> _TASK OBJECTIVE_
With the images omitted, return all of the entries exactly as they stand.

> _RECORDS PROVIDED_
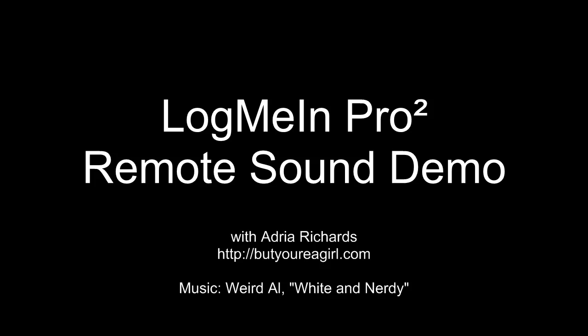Hey folks, this is Adria Richards and today I'm going to show you how you can use LogMeIn to pull sound from your remote computer to the computer you're working on. It's great for presentations, for playing music, all sorts of stuff. So let's go ahead and get started with that.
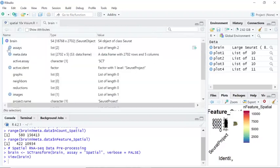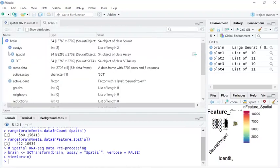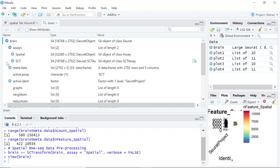You can see the original data was stored in the spatial slot. Following the SCTransform analysis, the analyzed data is stored in the SCT slot. Now we can perform the rest of the analysis.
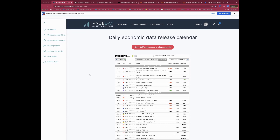Good morning, good afternoon, good evening depending where you are on the planet, and welcome to the Monday the 31st of January - last day of the month - Bull versus Bear webinar with Steve Miley on the call for Trade Day.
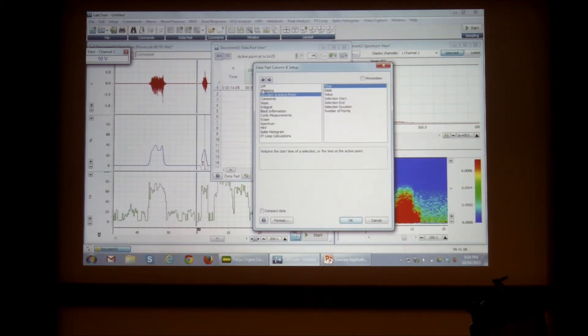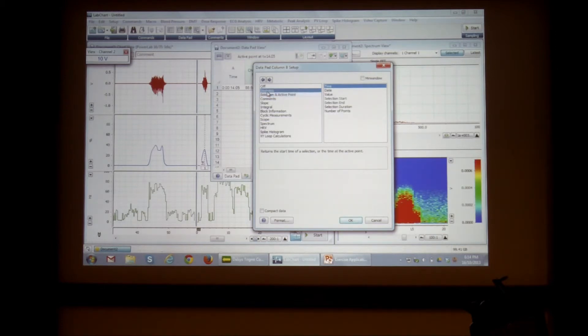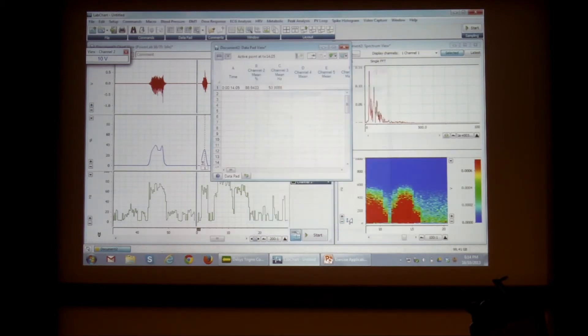So here, statistics, I can calculate a mean.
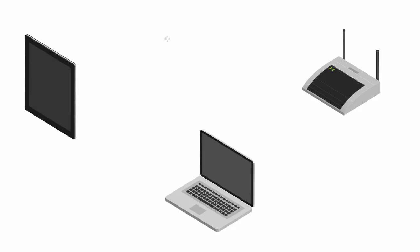Alright guys, so now that we understand the theory behind cracking a WPA password-protected Wi-Fi network, and we also did it live, you guys are probably realizing that it's actually kind of scary how easy it is for a hacker to figure out these passwords. So the important thing that we need to understand is how can we protect against this?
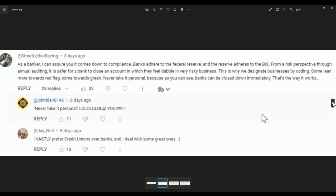Yes, that is a form of control, I suppose. But it's not the kind of control people are thinking here. As a banker, I can assure you it comes down to compliance. Banks adhere to the Federal Reserve and the Reserve adheres to the BIS. From a risk perspective, through annual auditing, it is safer for a bank to close an account in which they feel dabble in very risky business. This is why we designate businesses by coding. Some lean more towards red flags, some towards green. Never take it personal because as you can see, banks can be closed immediately. That's the way it works.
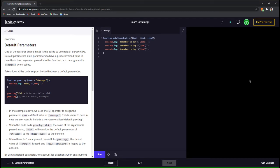Hey guys, welcome back to my channel. In the last video, we learnt about functions and how to declare and call them in JavaScript. In this video, we are going to finish the next few lessons on Codecademy.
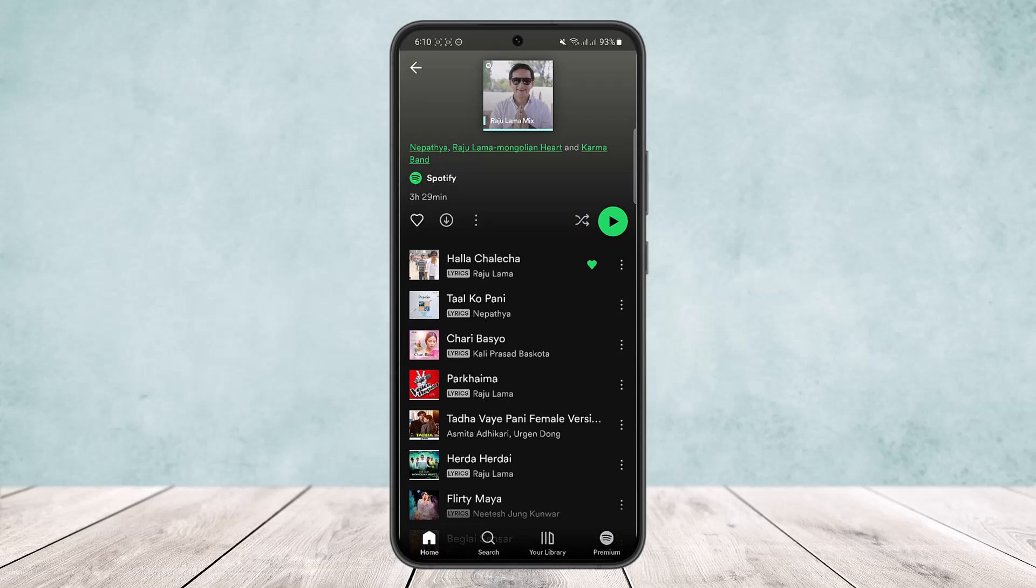So this way you can easily fix Spotify playing random songs by turning off the shuffle icon. Hope this helped you. Like and subscribe, and don't forget to leave a comment down below if you have any further issues.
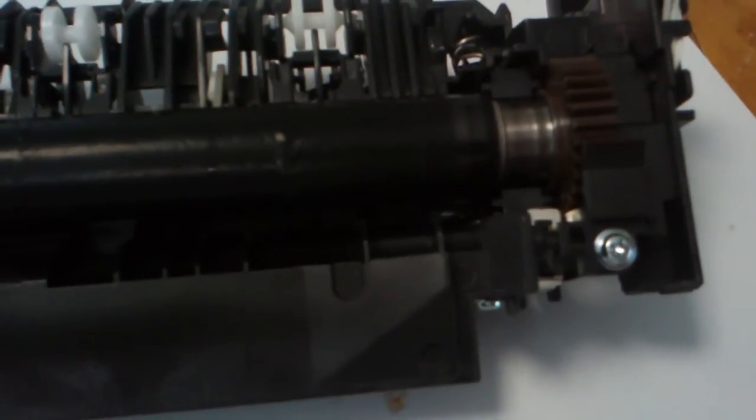Okay, so this is the fuser unit now. This is the upper part of it with the roller removed. You can see there.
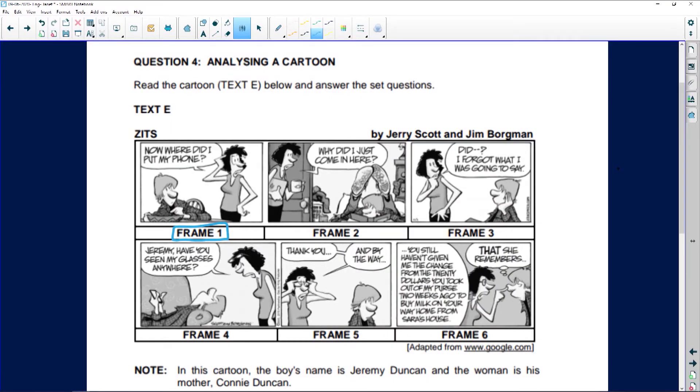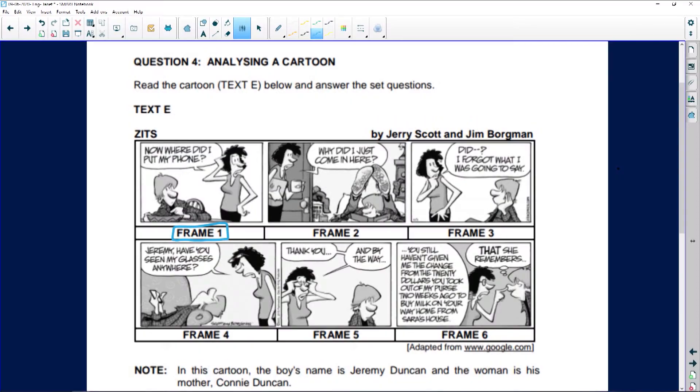Frame one: describe her body language. You can't just say her arms seem to show that she doesn't know what's happening. You need to say her right arm is raised, her hand is sort of against her head, and her left arm is on her hip — like she's saying, what am I up to here? You need to describe it.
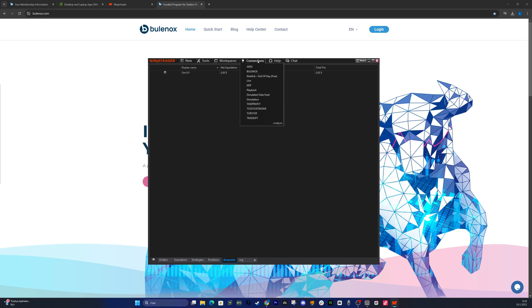Now, when you go to Connections, simply click your Bulinox connection, and it will automatically connect your Bulinox account to the platform. Congratulations, you've completed the full process.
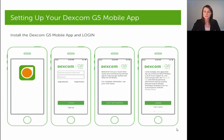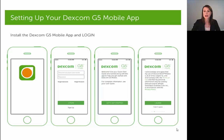When you download this app from the app store, install it on your smart device, and open it for the very first time, it's going to ask you to log in with a username and password. If you've created a username and password with Dexcom in the past, make sure you use that same username and password to log in. But if you've never created an account with Dexcom before, there is a signup option where you can create an account and username and password to log in.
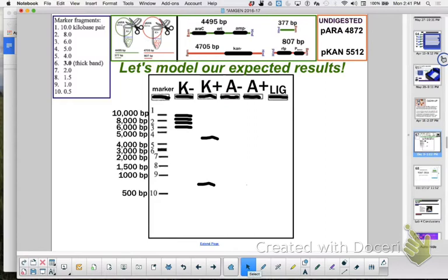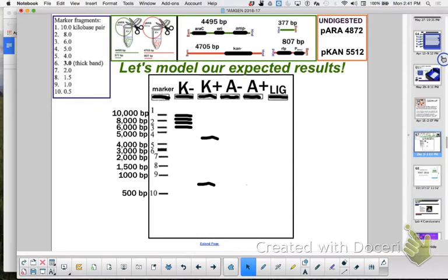So let's talk about why we did gel electrophoresis. One of the things we wanted to do is did we cut it? Did we cut it in the right place? And did we ligate? Did we form new combinations? Did we cut it? I'm going to compare K minus to K plus. It looks markedly different. And did I cut it in the right place? I'm going to take K plus and compare it to other fragment known sizes, the control, the marker.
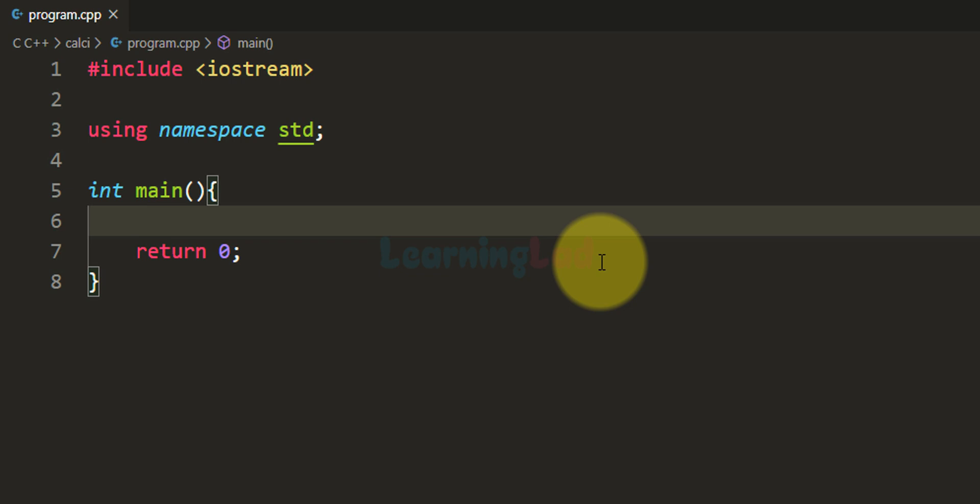Welcome to Learning Lad. In this video we will see how we can create a simple calculator using the C++ programming language. The calculator that we are going to create will offer four functionalities: addition, subtraction, multiplication, and division, and this calculator will work on two numbers.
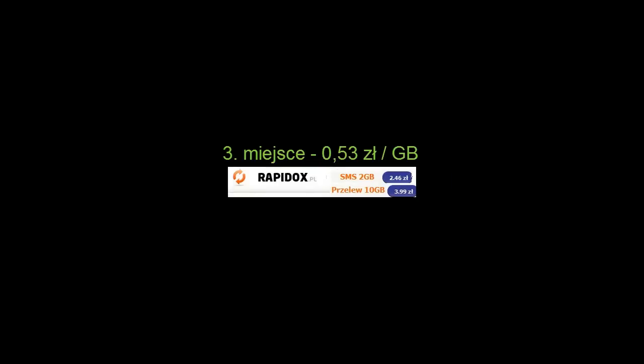A teraz pierwsza trójka. Bardzo ciekawie zaprezentowały się serwisy, które nie są zbyt znane, przynajmniej ja o nich nie słyszałem do tej pory.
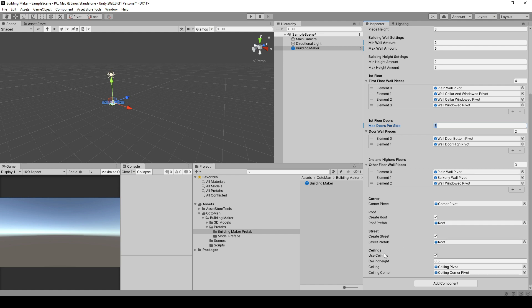For the ceilings, you're going to have the possibility to enable the ceiling settings and define the height of the ceiling, which is going to be the height of the model. This contains the ceiling themselves, which is going to have the same width as a wall has, and a ceiling corner, which is going to fit in the corner again.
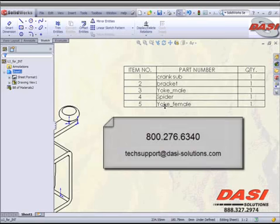Again, that's techsupport, all one word, at dasiesolutions, all one word, dot com. And have a great day.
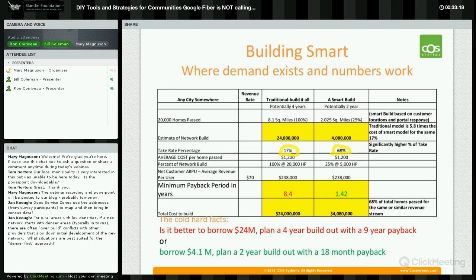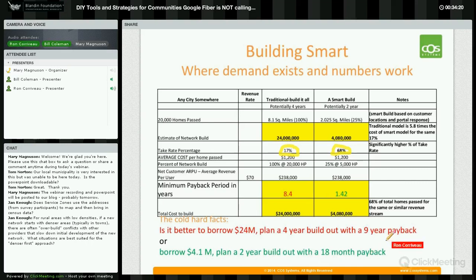Jan asked about rural areas with low densities — if a new network starts with denser areas, there are often overbuild conflicts with other providers. What we've seen is you don't start building until you actually get customer commitments. We'll find a central business district or industrial park not too far from a denser housing community, an MDU community, or a new housing development going in. Those are the kinds of areas that drive the denser-first approach.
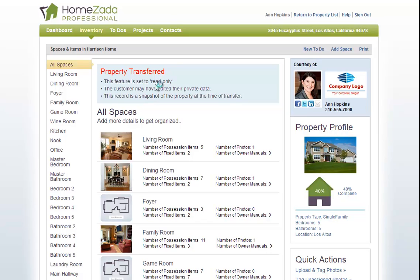Which allows HomeZada Professional to keep a copy of all the profiles that you create and transfer for your own records in case there's ever a dispute between you and your customer in the future, and that's how great and easy HomeZada Professional is to create your digital home profiles for your customer.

> _RESPONSE BELOW_
Hey folks, this is Adria Richards and today I'm going to show you how you can use LogMeIn to pull sound from your remote computer to the computer you're working on. It's great for presentations, for playing music, all sorts of stuff. So let's go ahead and get started with that.
You can see the original data was stored in the spatial slot. Following the SCTransform analysis, the analyzed data is stored in the SCT slot. Now we can perform the rest of the analysis.
Good morning, good afternoon, good evening depending where you are on the planet, and welcome to the Monday the 31st of January - last day of the month - Bull versus Bear webinar with Steve Miley on the call for Trade Day.
So here, statistics, I can calculate a mean.
Alright guys, so now that we understand the theory behind cracking a WPA password-protected Wi-Fi network, and we also did it live, you guys are probably realizing that it's actually kind of scary how easy it is for a hacker to figure out these passwords. So the important thing that we need to understand is how can we protect against this?
Yes, that is a form of control, I suppose. But it's not the kind of control people are thinking here. As a banker, I can assure you it comes down to compliance. Banks adhere to the Federal Reserve and the Reserve adheres to the BIS. From a risk perspective, through annual auditing, it is safer for a bank to close an account in which they feel dabble in very risky business. This is why we designate businesses by coding. Some lean more towards red flags, some towards green. Never take it personal because as you can see, banks can be closed immediately. That's the way it works.
Hey guys, welcome back to my channel. In the last video, we learnt about functions and how to declare and call them in JavaScript. In this video, we are going to finish the next few lessons on Codecademy.
So this way you can easily fix Spotify playing random songs by turning off the shuffle icon. Hope this helped you. Like and subscribe, and don't forget to leave a comment down below if you have any further issues.
Okay, so this is the fuser unit now. This is the upper part of it with the roller removed. You can see there.
Frame one: describe her body language. You can't just say her arms seem to show that she doesn't know what's happening. You need to say her right arm is raised, her hand is sort of against her head, and her left arm is on her hip — like she's saying, what am I up to here? You need to describe it.
Now, when you go to Connections, simply click your Bulinox connection, and it will automatically connect your Bulinox account to the platform. Congratulations, you've completed the full process.
When you download this app from the app store, install it on your smart device, and open it for the very first time, it's going to ask you to log in with a username and password. If you've created a username and password with Dexcom in the past, make sure you use that same username and password to log in. But if you've never created an account with Dexcom before, there is a signup option where you can create an account and username and password to log in.
So let's talk about why we did gel electrophoresis. One of the things we wanted to do is did we cut it? Did we cut it in the right place? And did we ligate? Did we form new combinations? Did we cut it? I'm going to compare K minus to K plus. It looks markedly different. And did I cut it in the right place? I'm going to take K plus and compare it to other fragment known sizes, the control, the marker.
Welcome to Learning Lad. In this video we will see how we can create a simple calculator using the C++ programming language. The calculator that we are going to create will offer four functionalities: addition, subtraction, multiplication, and division, and this calculator will work on two numbers.
A teraz pierwsza trójka. Bardzo ciekawie zaprezentowały się serwisy, które nie są zbyt znane, przynajmniej ja o nich nie słyszałem do tej pory.
For the ceilings, you're going to have the possibility to enable the ceiling settings and define the height of the ceiling, which is going to be the height of the model. This contains the ceiling themselves, which is going to have the same width as a wall has, and a ceiling corner, which is going to fit in the corner again.
Again, that's techsupport, all one word, at dasiesolutions, all one word, dot com. And have a great day.
Jan asked about rural areas with low densities — if a new network starts with denser areas, there are often overbuild conflicts with other providers. What we've seen is you don't start building until you actually get customer commitments. We'll find a central business district or industrial park not too far from a denser housing community, an MDU community, or a new housing development going in. Those are the kinds of areas that drive the denser-first approach.
Which allows HomeZada Professional to keep a copy of all the profiles that you create and transfer for your own records in case there's ever a dispute between you and your customer in the future, and that's how great and easy HomeZada Professional is to create your digital home profiles for your customer.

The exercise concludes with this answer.